We live in a dynamic era, where the only constant is 'change'. This alone poses significant challenges for corporations to remain relevant in an increasingly social and digital context. Regularly aligning products and services with market demand is not an easy thing to do, but when achieved, produces significant results.
But can big corporates truly be agile? Or is there rigid structure standing in the way of adopting new trends and best practices? Many leaders of big companies assume that their organizations are too big and too inflexible to be agile, but is this the case? To be able to answer these questions, let’s examine the traits that successful companies have in common that help them gain an edge over their competitors:
An agile approach doesn’t mean dissolving your existing corporate structure, but instead carefully empowering employees to become more involved in day-to-day processes. Forming smaller project teams with clear hierarchy and team leaders who are readily available to help and guide workers, ensures projects are completed on time and within budget. It’s all about eliminating communication barriers to be able to stimulate your employees to unlock their full potential. Another immediate benefit to a team-based approach is the fact that decisions can be made and implemented quickly across multiple sectors.
Flexible Deployment of Strategies
Many organizations face challenges in adopting agile practices because they seem to conflict with [change] management paradigms. When we look at big corporates that are known for their agility, we immediately notice the non-traditional roles of managers and the fact that employees are given far more autonomy compared to mid-sized businesses. The glue that holds these two seemingly conflicting elements together is strong leadership. This authority is translated to a more casual working environment where workers are encouraged and offered a network of support, rather than assigned tasks at random and pressured for results.
In looking how big corporates adopt an agile approach to dealing with their internal structure and human capital two things stand out from the rest: goal definition and management guidance. There is an ongoing dialogue between employees at different levels of the corporate ladder that’s actively encouraged, which creates an environment of productivity, acceptance and problem-solving.
Change-Defined Business Ecosystems
Agile businesses don’t accept change as a passive component of the modern market; they actively seek and embrace it to target internal channels for improvement. In the context of actively fluctuating trends and consumer sentiment paradigms, it’s becoming apparent that some companies adopt an approach where they either wait it out or passively comply with the pervading trends while other big corporates manage to ride out the trends by scanning the market for opportunities and threats. In doing so, they’re able to stay agile without labeling change as positive or negative in connection with their existing strategies and instead redefine the latter to reflect better consumer needs and expectations.

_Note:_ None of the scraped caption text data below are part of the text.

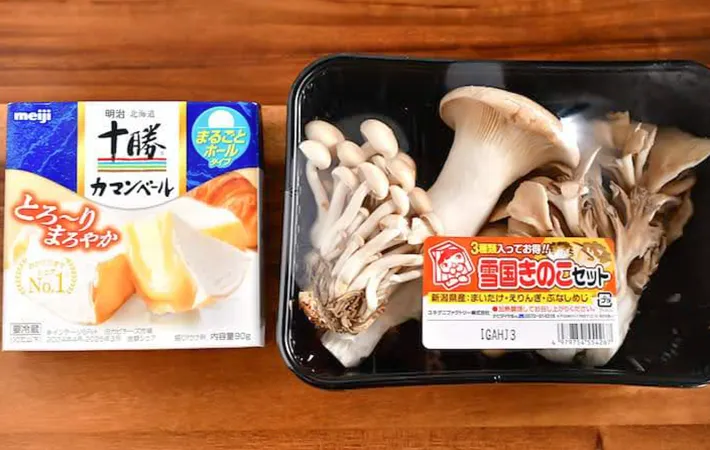『キノコとカマンベールチーズの炊き込みご飯』の材料写真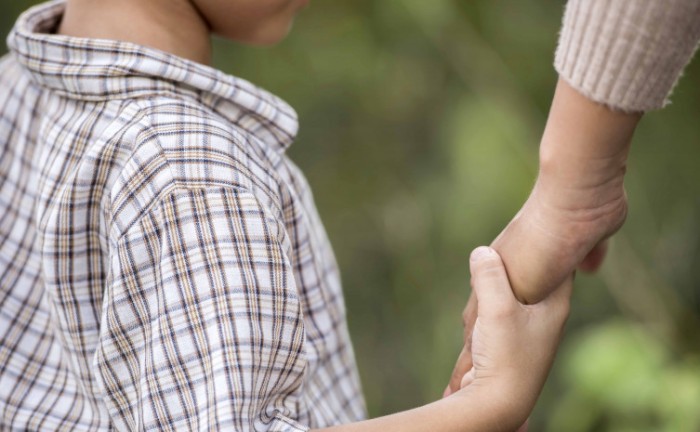 Olhar atento: Delegada orienta pais e familiares sobre sinais que crianças vítimas de abuso sexual podem manifestar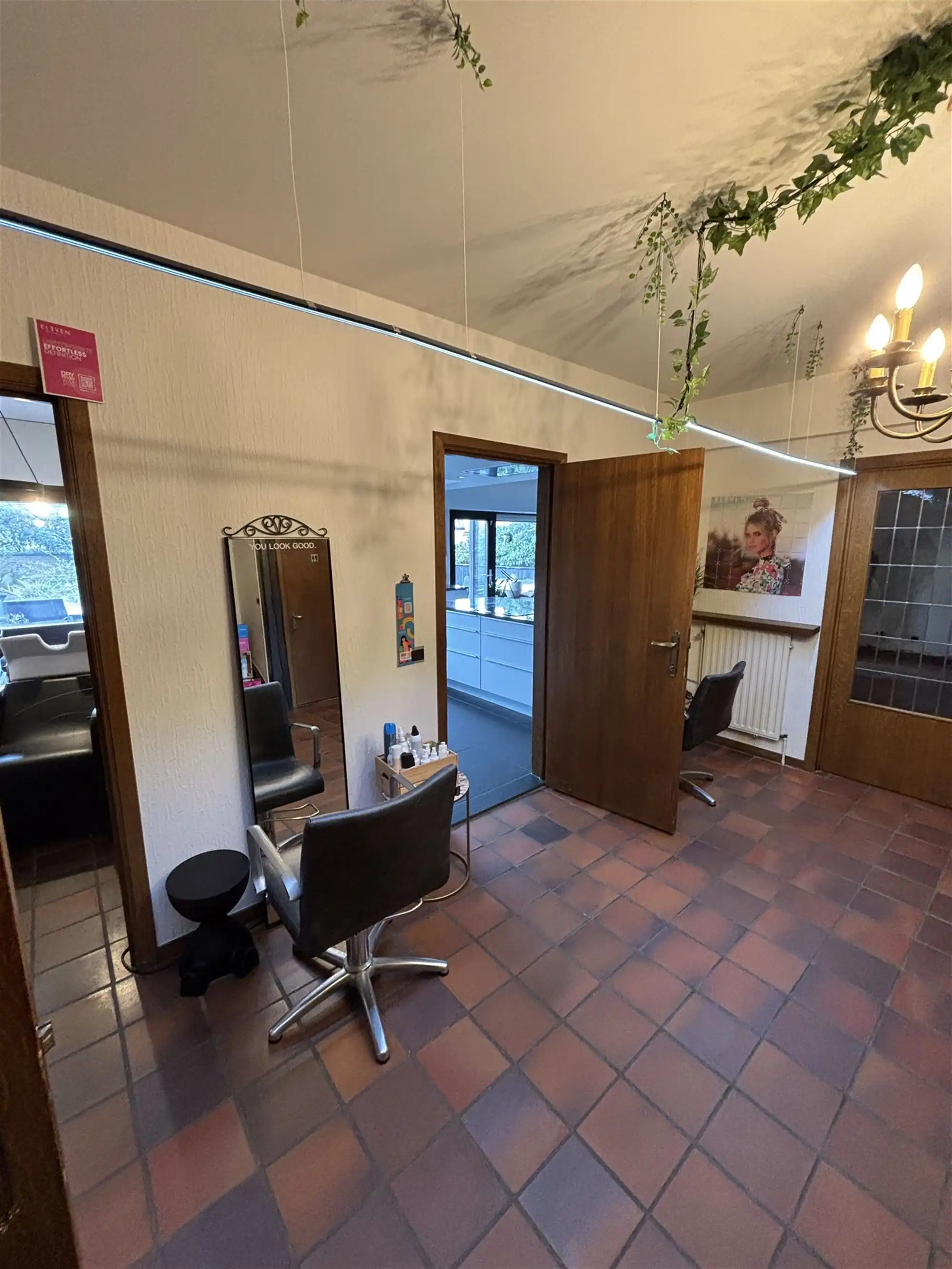 Zeer ruim appartement in centrum Edegem te huur foto 13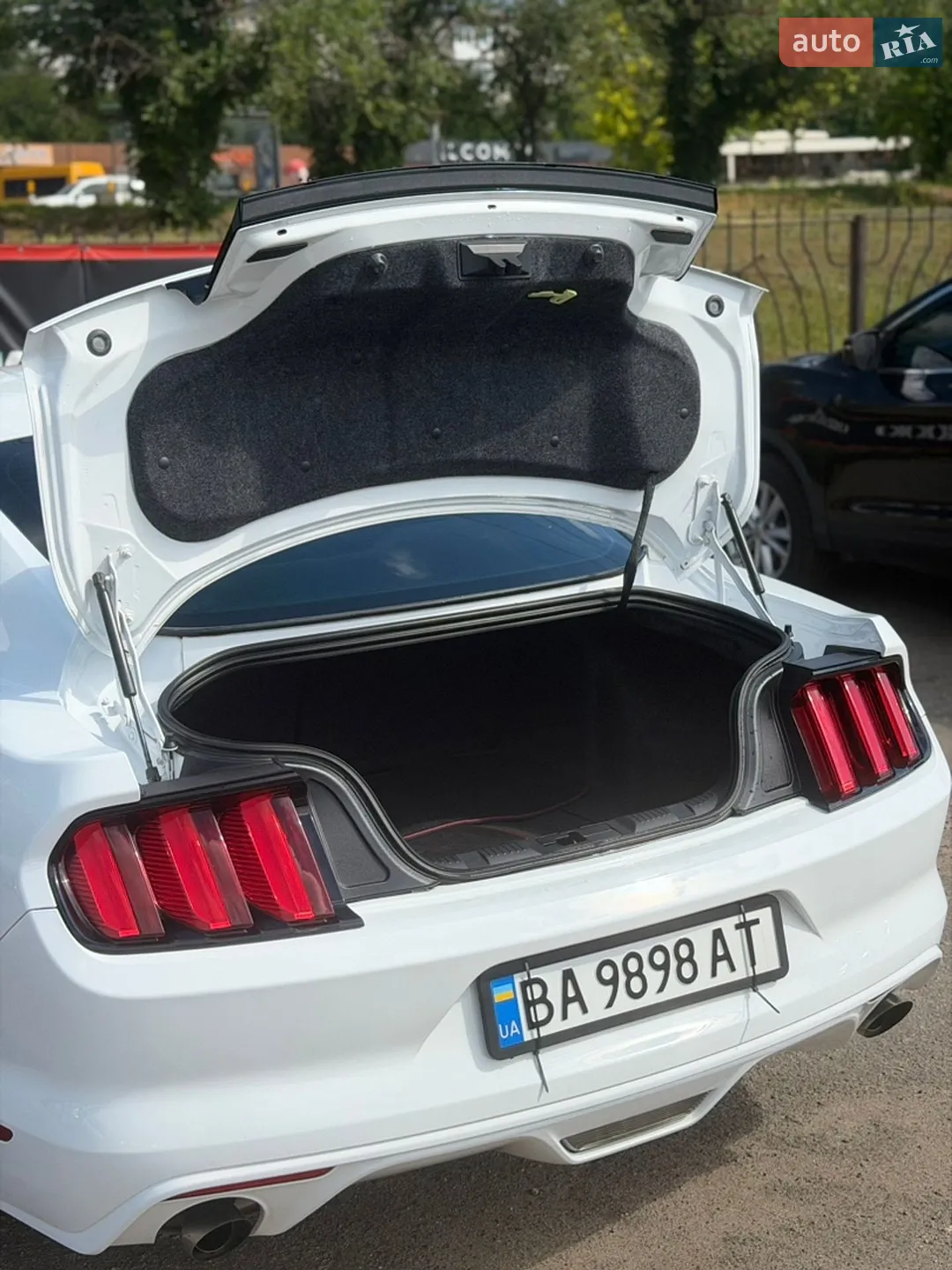 2016 Ford Mustang - мініатюра 11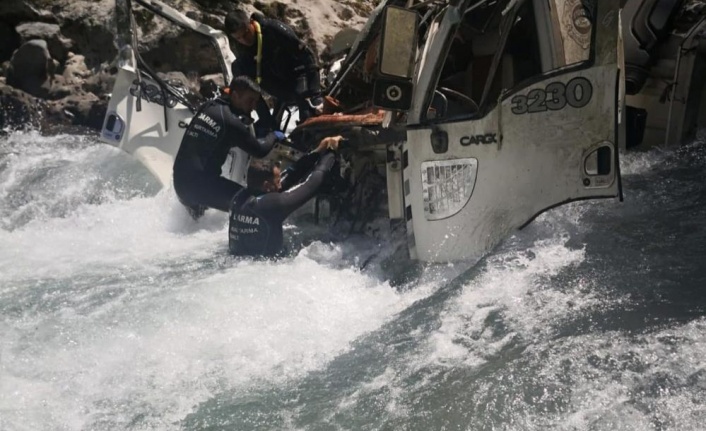 Alanya'da devrilen kamyondaki 1 kişi Alara Çayının sularına kapılarak kayboldu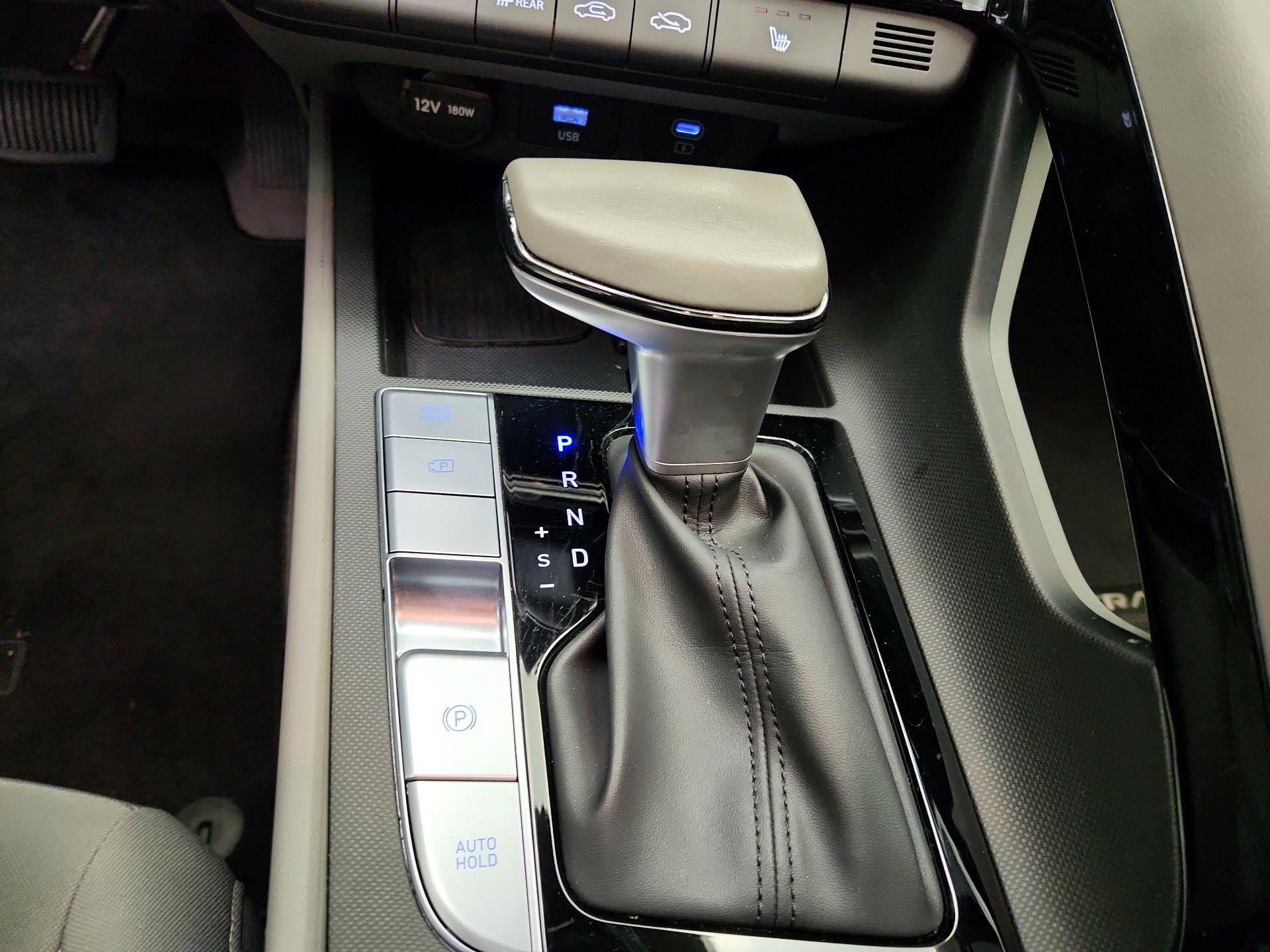 Thumbnail: 2024 Hyundai Elantra - 18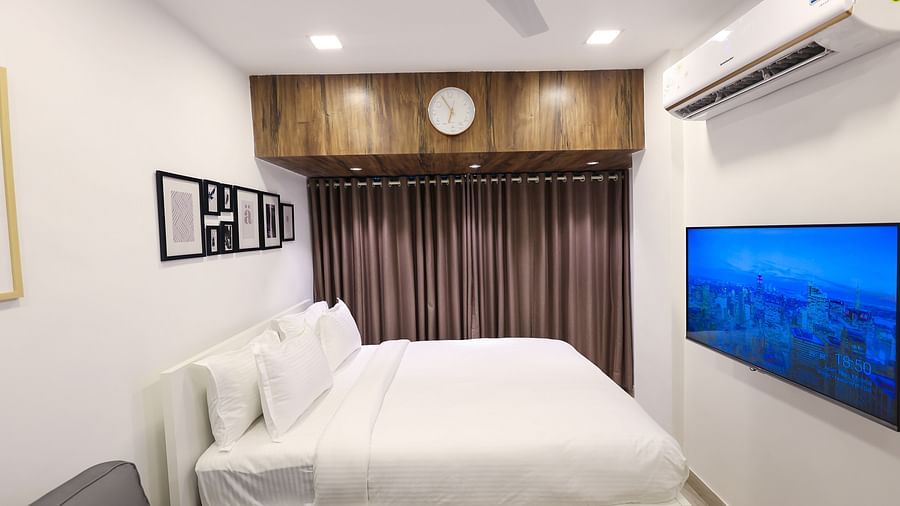 Bedroom of room 402 3001 5001 at Wabi-Sabi Juhu 5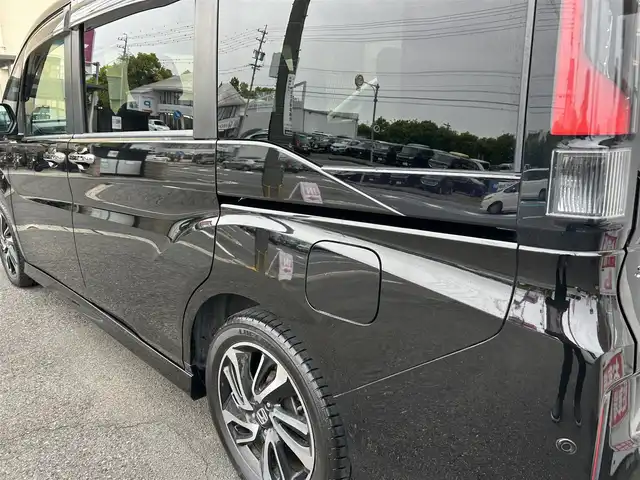 ホンダ ステップワゴン スパーダ クールスピリット 愛知県 2017(平29)年 7.6万km プレミアムスパークルブラックパール ワンオーナー/純正ナビ/フルセグテレビ/Bluetooth/クルコン/シートヒーター　D席助手席/ビルトインETC/純正アルミホイール/両側パワースライドドア/LKAS車線維持支援システム/CMBS衝突軽減ブレーキ/パドルシフト/ドアバイザー/純正マット/取説、保証書、スペアキー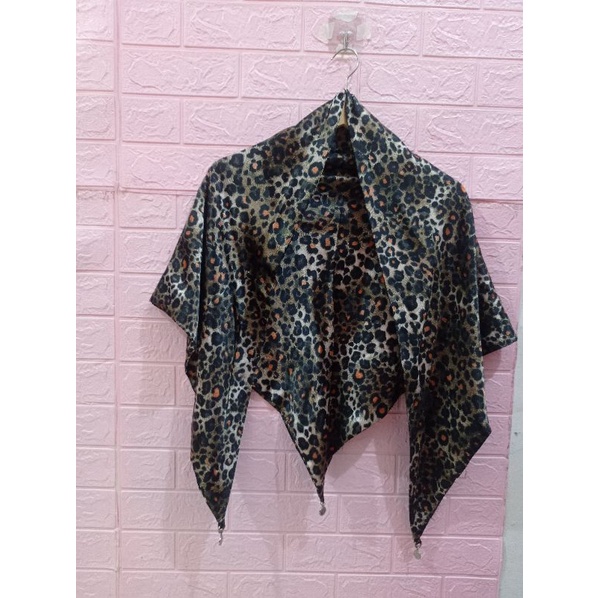 Preloved / PL / Jilbab Segitiga Motif Leopard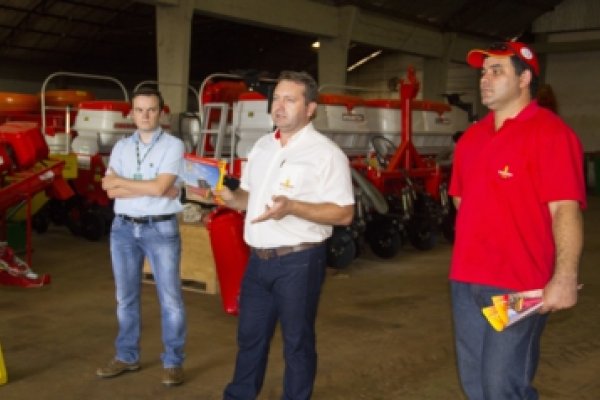 Funcion&aacute;rios e vendedores recebem treinamento da Vence Tudo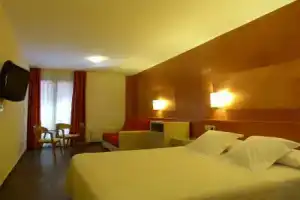 Hotel «Carmen», Росас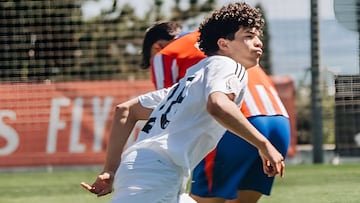 Enzo Alves celebra la victoria contra el Atlético juvenil.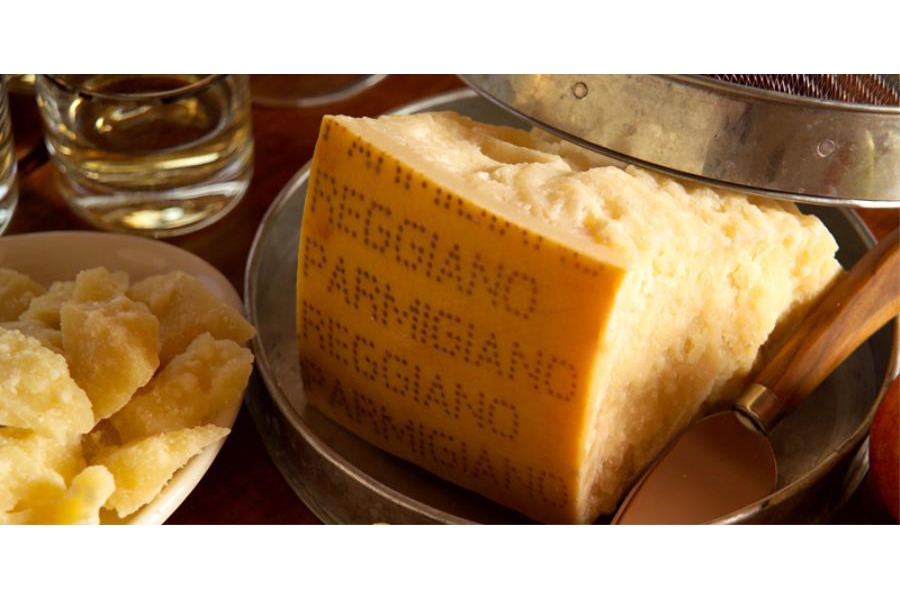 Sformatino al Parmigiano Reggiano D.O.P. con crema di zucca al vino passito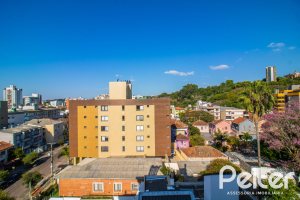 Apartamento à venda com 177m², 3 dormitórios, 3 suítes, 3 vagas, no bairro Menino Deus em Porto Alegre
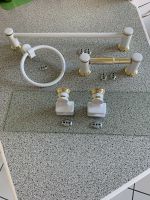 2 Handtuchhalter,1 Toilettenpapierhalter, 2 Halter und Glasplatte Hessen - Taunusstein Vorschau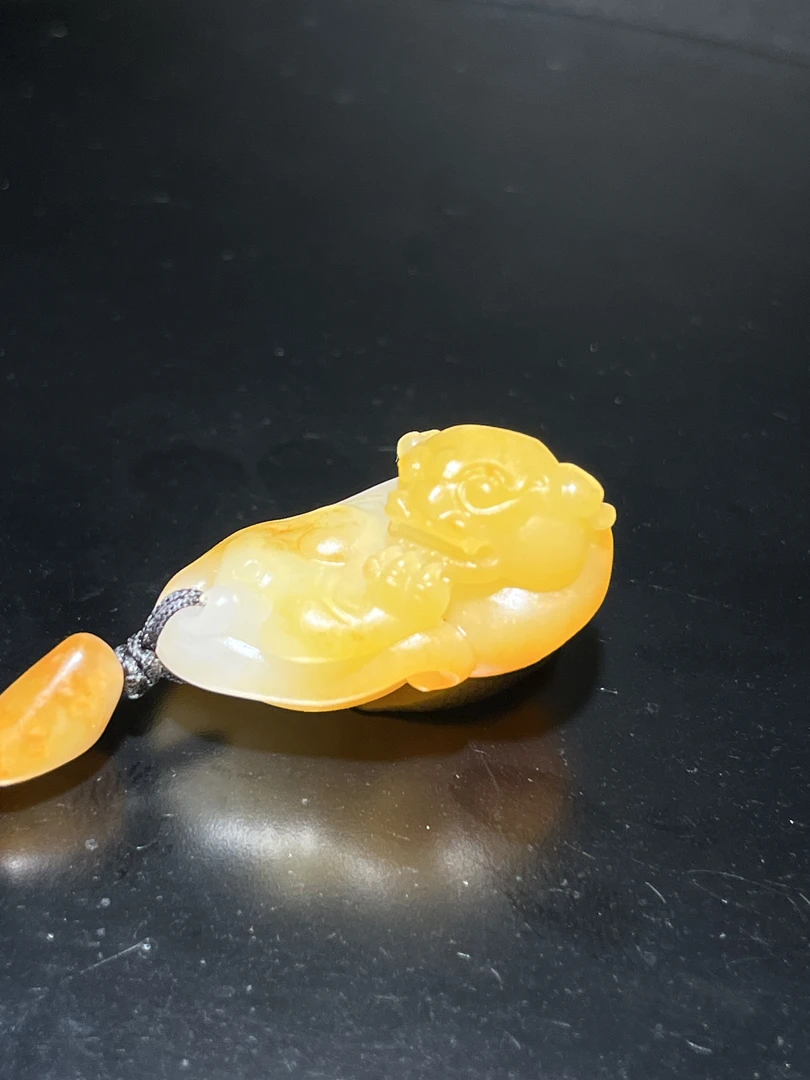 独籽沁色带玉种貔貅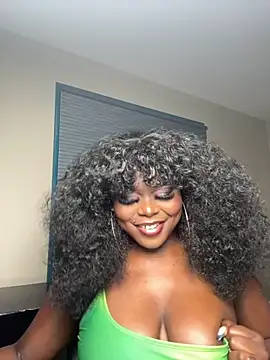 WomanNextdoor1 online show from November 12, 8:59 am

The advantages of Agile for big corporations are multiple, and the company itself becomes better adjusted to the social construct of today’s market with a management structure that enable insight and ideas among its most valuable capital – the employees. Most of your workers are end users as well, and their sentiment is linked directly to how well a product or service is going to perform. It is a measurement of dexterity for the big corporates whether they can listen to and adopt the invaluable feedback of readily available users and utilize it to their benefit.